Batam  

Gagal Diwisuda, Anggota DPRD Tanjungpinang Sebut Surat Pernyataan dari UNIBA Terkesan Memaksa Mahasiswa

#image_title

Batam, Owntalk.co.id  – Riaukur Rindu Tondang, salah satu mahasiswi Pasca sarjana (S2) Fakultas Ekonomi Program Studi (Prodi) Akuntasi di Universitas Batam (UNIBA) tidak bisa mengikuti wisuda. Pasalnya, ia enggan melakukan tandatangan surat pernyataan yang diberikan pihak kampus.

“Saya tidak bisa ikut wisuda, karena saya tidak mau lakukan tandatangan surat pernyataan dari kampus yang seolah-olah saya belum membayar kewajiban dan ini terkesan memaksa,” kata Ria sapaan akrabnya, Sabtu, 3 Desember 2022 di Caffe Bintang.

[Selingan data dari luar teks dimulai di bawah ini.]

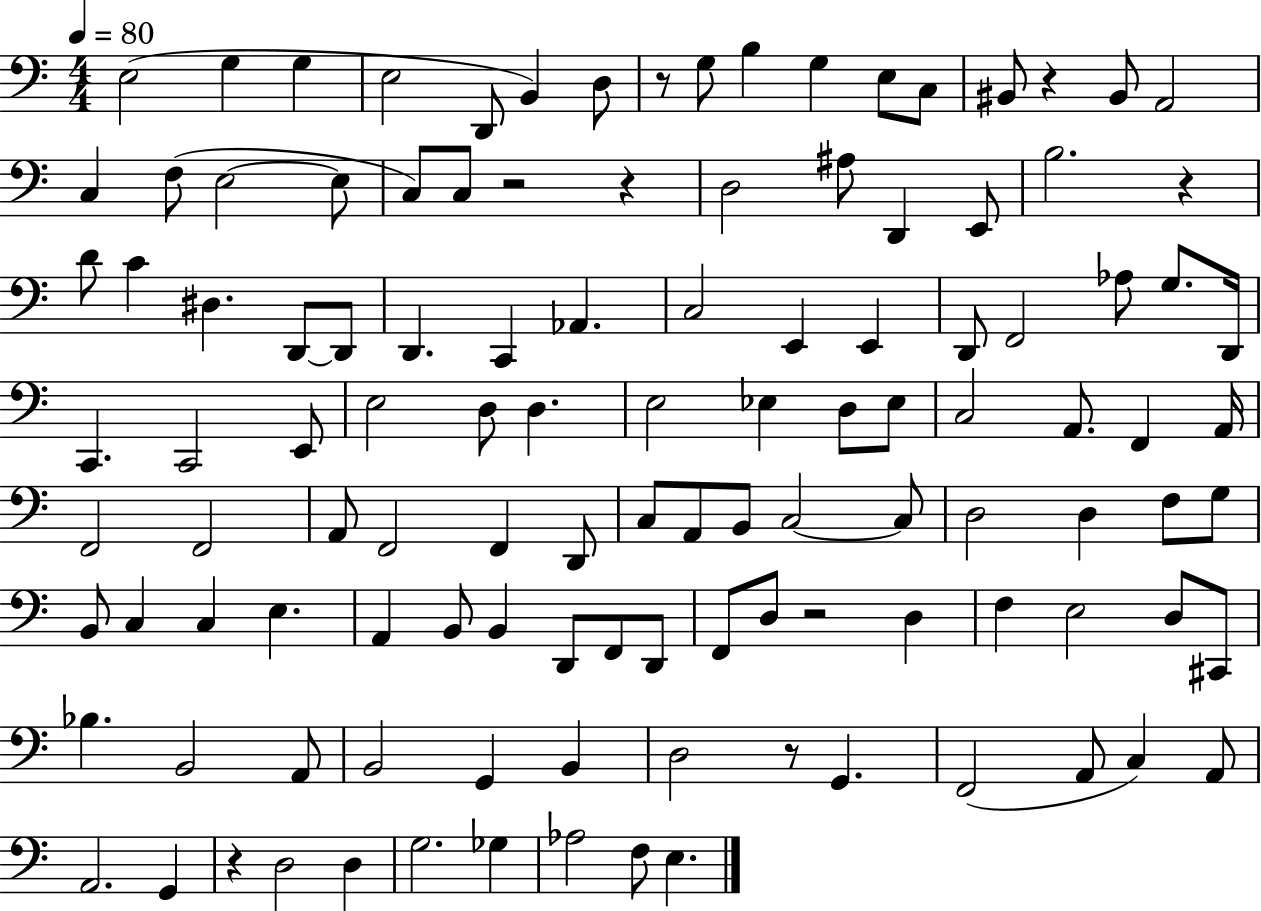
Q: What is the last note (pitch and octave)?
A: E3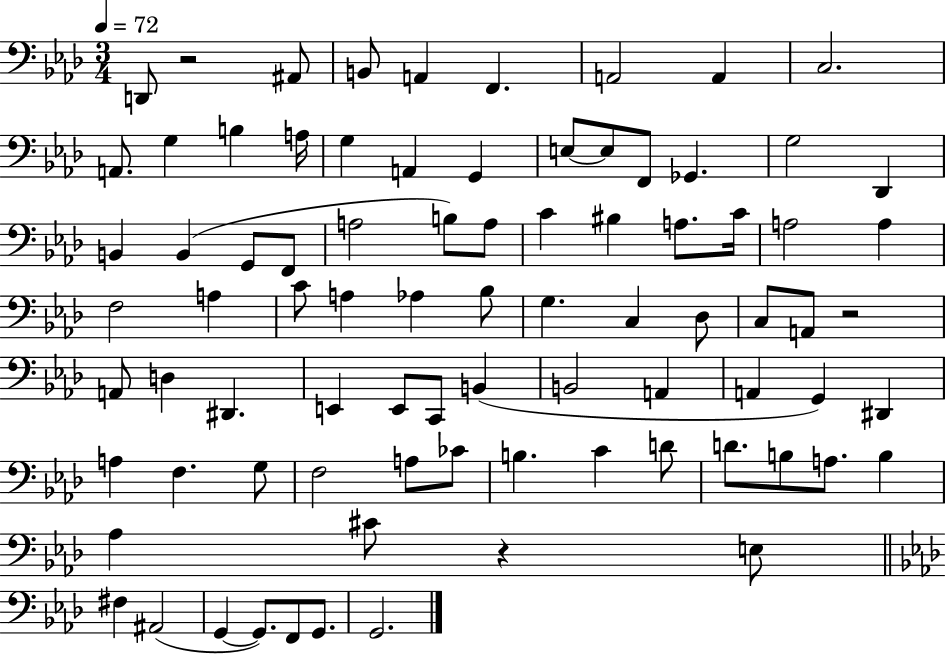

Menurutnya, surat pernyataan yang dibuat oleh pihak yayasan Griya Husada seolah-olah dibuat oleh mahasiswa yang akan di wisuda. Dalam surat pernyataan tertulis beberapa poin diantaranya, mahasiswa harus membayar lunas SPP, kalau tidak bayar lunas, maka bersedia tidak dapat ijazah, tidak akan menuntut gugatan apapun kepada UNIBA. 

“Ini saya rasa tidak benar dan tidak adil. Jelas-jelas saya sudah membayar semua kewajiban saya sebelumnya. Kalaupun saya tidak bayar, saya dapat isi KRS dan juga ujian. Apapun permasalahan pihak kampus, kita jangan dilibatkan atau dirugikan,” tegasnya sembari menunjukkan kwitansi pembayaran SPP.

“Padahal kita usah membeli toga itu sendiri karena kita udah bayar sebesar Rp 3,500,000,” sambungnya yang juga anggota DPRD Kota Tanjungpinang ini, sambil memperlihatkan bukti transfer kepada satukata.id, Sabtu 3 Desember 2022.

Ria kemudian memperlihatkan bukti berupa dua buah kwitansi yang ia terima. Kwitansi itu tertanggal 26 Februari 2021 dan 24 Agustus 2021. Kedua kwitansi itu di tandatangani oleh petugas bernama Annisa01 dan disetempel UNIBA bagian keuangan. 

“Akibat kejadian ini, saya dirugikan lebih kurang Rp 24,000,000. Yang pasti saya akan menuntut dan menyuarakan hak-hak saya. Saya sebagai anggota DPRD juga tidak akan diam dengan kejadian ini,” tegas dia. 

Selain Ria, sejumlah mahasiswa yang mengikuti proses wisuda ini diketahui juga menjadi korban. Namun, beberapa dari mereka “terpaksa” menandatangani surat itu. 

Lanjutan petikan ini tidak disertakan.